Public Art Class holds Mini-Regatta

Students in the Public Art class assist by untangling the wires of a bamboo boat
Students in the Public Art class assist by untangling the wires of a bamboo boat Photo Credit: Ben Cohen ‘22

Associate Professor of Art, Kelly Goff, and his Public Art class hosted a two-part boat regatta on Saturday and Monday of this week on Peacock Pond as a part of the course. The regatta contained 5 boats made out of bamboo created by the course’s students and a pulley system created by Goff that was tethered to the ground by a metal pipe.
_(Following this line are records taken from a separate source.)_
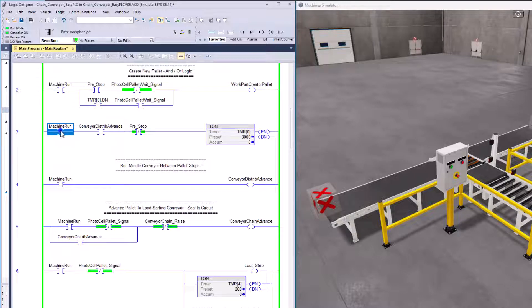Rung three is using the machine run and making sure that the conveyor — the distribute advance conveyor, which is the conveyor between the two stops and between the two photo eyes — is on. That's the small metering conveyor. We're going to run that conveyor every time the machine is running. There's really no need to shut it off because we're controlling everything with the stops. As the machine runs and the distribution conveyor is on and the pre-stop is not on, then this timer will time out and that allows making another pallet.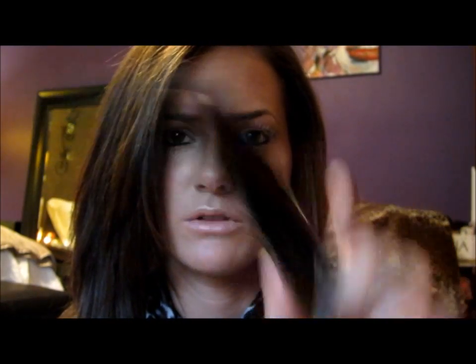And then my two mascaras are the L'Oreal Telescopic Carbon Black, and then the L'Oreal Collagen Volume Mascara.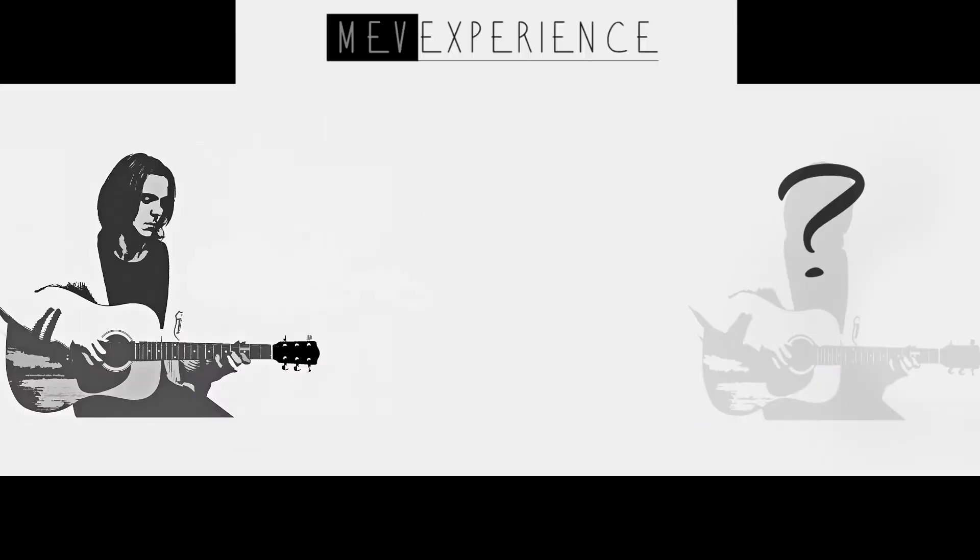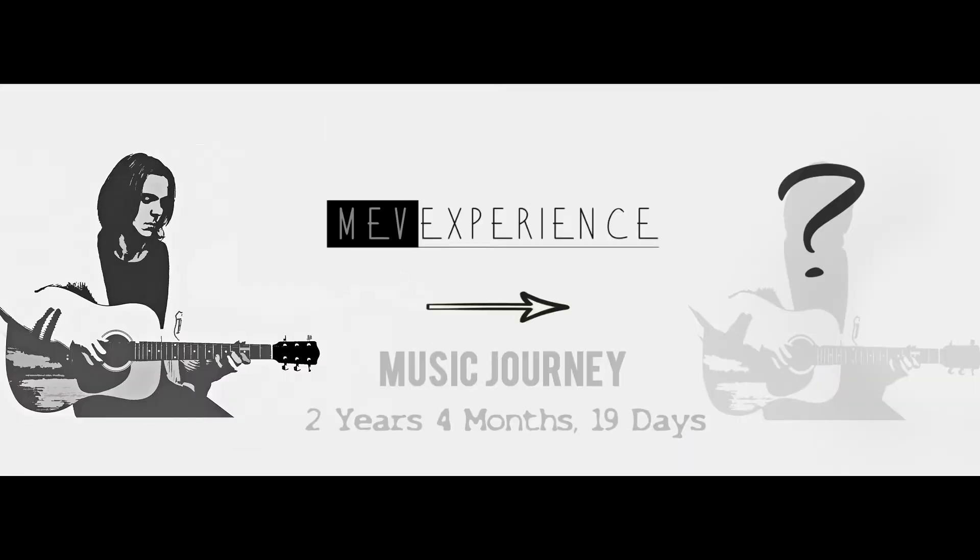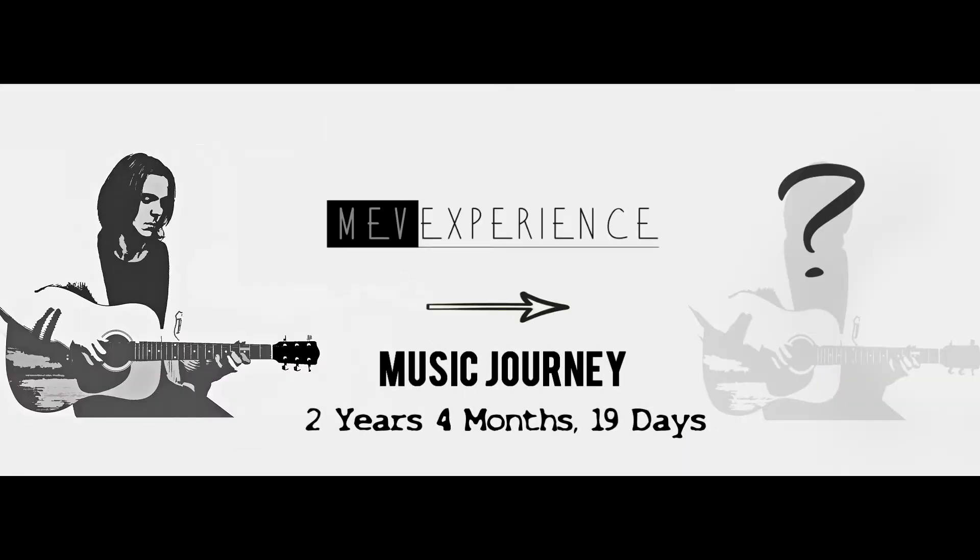How much of my mother has my mother left to me? Gravity, gravity, gravity, gravity, gravity.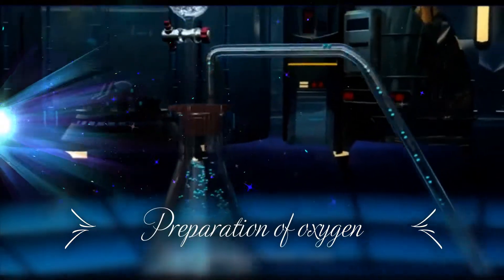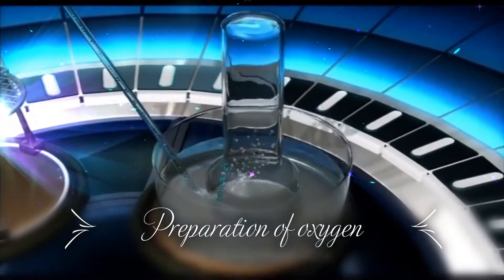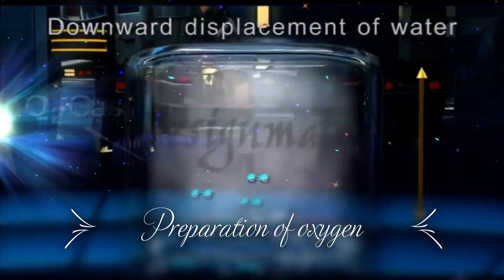Released oxygen passes through the tube, then over the water and starts getting collected in the gas jar. This method of collection of gas is called the downward displacement of water.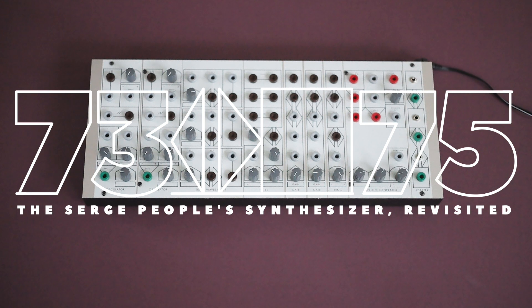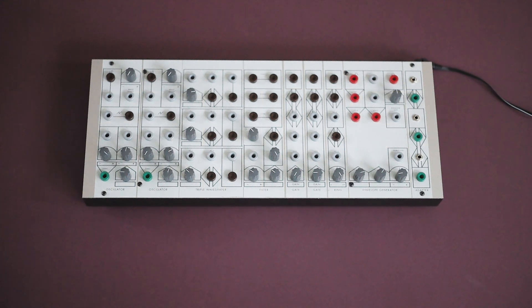Hello synth lovers! My name is Jon and I'm the guy behind 7375, and I'm here today with some exciting news. Since today I'm launching the first out of three panels: the voice panel.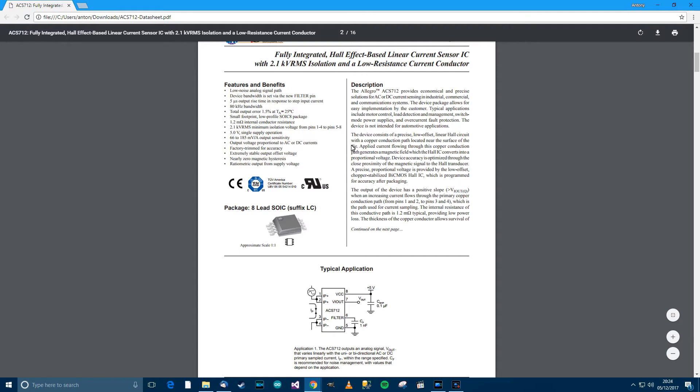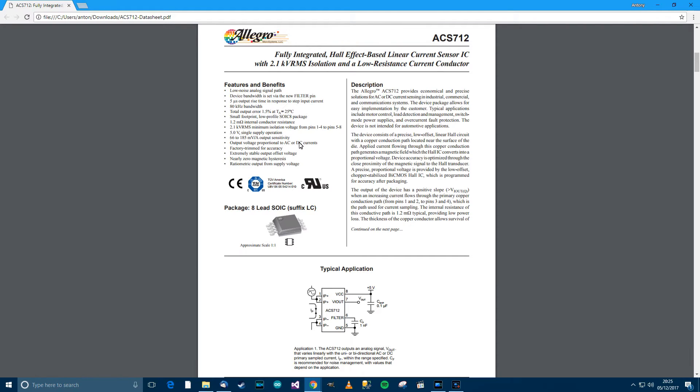Before we get started, I thought it would be good to look at the datasheet for this module. Low noise analog signal path — always a good thing. Error of 1.5% at 25 degrees Celsius — that's remarkable really. 5V single supply — we know that. The output sensitivity is 66 to 185 millivolts per amp. The reason for that range is that there are different submodels of the ACS712. It also says output voltage proportional to AC or DC currents, meaning you can use this module for AC or DC — it works for both, although the programming is slightly different.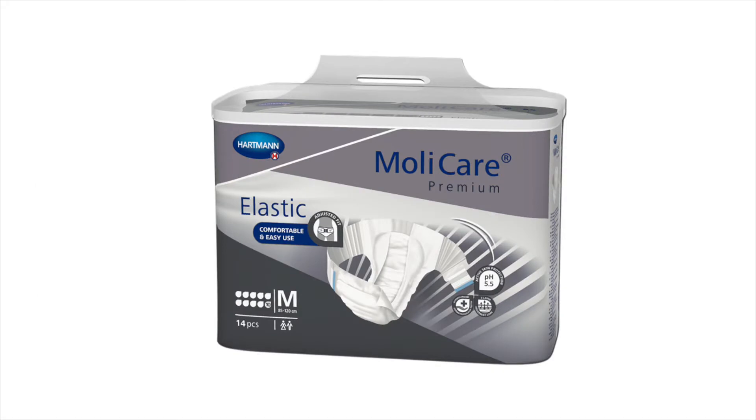MollyCare Premium Elastic replaces the previous MollyCare Premium Briefs with rigid side panels. The next video shows how easy application is of the new product to a non-weight-bearing resident.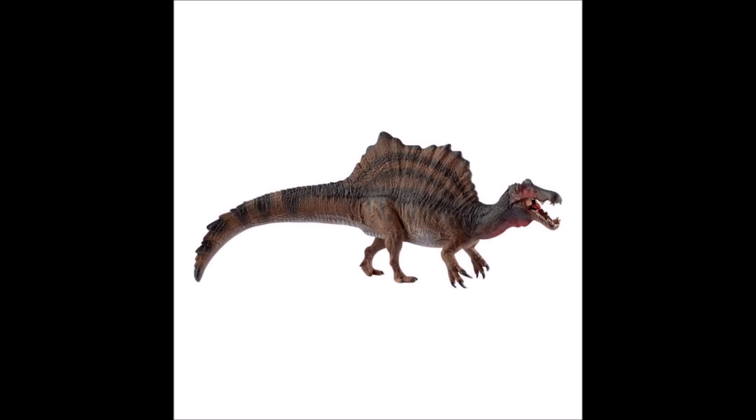It looks pretty darn accurate, actually. It has the short back legs, it's not on all fours, it's more hunched over, and it has the correct sail. The skull looks very very good, considering Schleich's previous Spinosaurus heads haven't been that accurate. The tail has some nice spines near the tip. The colour scheme is very nice — I like the red on the head and throat area. I cannot wait to see this in hand, and it also has an articulated jaw, which will be an excellent feature to show when I review it.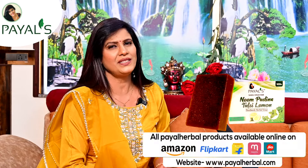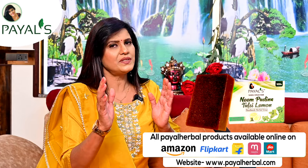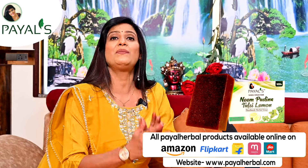The next question is from Sonia Vikram Chhabariya on Instagram. She has small pimples on her face and wants some herbal tips. If you have pimples, use Payal Herbal Neem Pudina Tulsi soap to clean the face. Or you can make the same recipe yourself. If you can't make it, use Payal Herbal Soap on the acne and you will see results very quickly.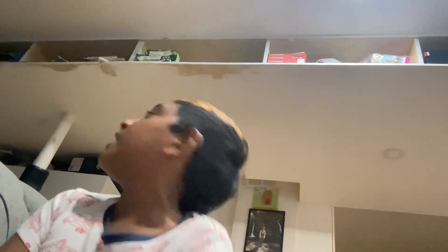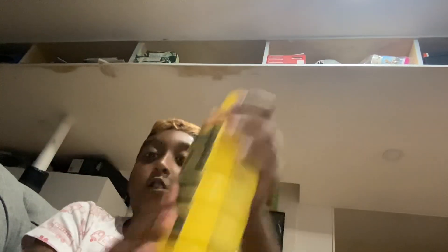But let me tell you, the one that tastes the best — a 10 out of 10 — is the Lemonade Prime. This is sick, it's so good. You guys should definitely buy it, but I don't think you're ever gonna find these — it's hard to find them.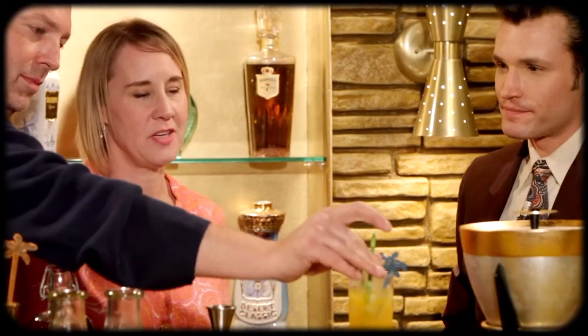Oh yeah. Oh, I see what you mean. Wow. The citrus really pops. Yeah. It's orange, but it's more than one. It's not your typical orange juice — it definitely has a different character to it.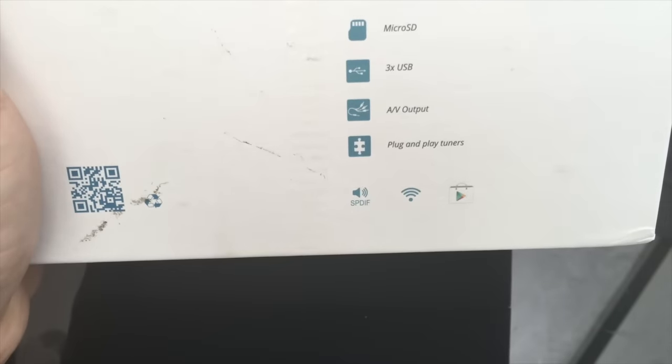We've booted up the Wetek Play and this is the default Android setup you get when you don't have any other operating system on a micro SD card. I've literally taken out my SD card with OpenELEC and PB Enigma, and turned it on fresh for the first time. This is the Android screen — I've had many comments about how nice and clean it looks, and I agree, it's a really nice design. Going into settings, you have Android settings, weather settings, and Wetek Services settings.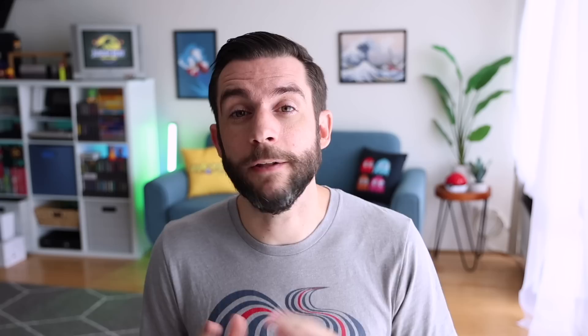There is a third option: distributors. One that I usually work with is called KeepRetro.com. They have a markup, but it's not that much — it's $70 for the Miu Mini Plus on their website right now. As of making this video, they have all four models in stock, so if you ordered it you should get it shipped within a few days. This is a nice option if you can't catch them on AliExpress and don't want to pay the extra pricing on Amazon or eBay.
A larger boat was also borrowed from Wheaton’s grounds department that could hold two people and by untangling wires and other similar tasks.

During the first day, the event lasted from 2 p.m. to 5 p.m., with many onlookers in attendance, including students’ parents and friends, and even a dog. One such onlooker, Jeanne Bedard ’22 thought the boats’ material being “made of natural elements” was “really interesting” and praised some of the boats for looking “really aerodynamic.” Three out of the five boats in attendance were successful in making their way across the pond that first day.

One of the students, Eliza Trevor ’22 stated that the event was “really fun” even though her boat fell over during the first two tries. Violet Windham’s ’22 boat was the first to make it across the pond and said that her team “learned a lot about balance” in their construction efforts. Sofie Weston ’22, the other member of Windham’s team, called the creation process a “team effort.”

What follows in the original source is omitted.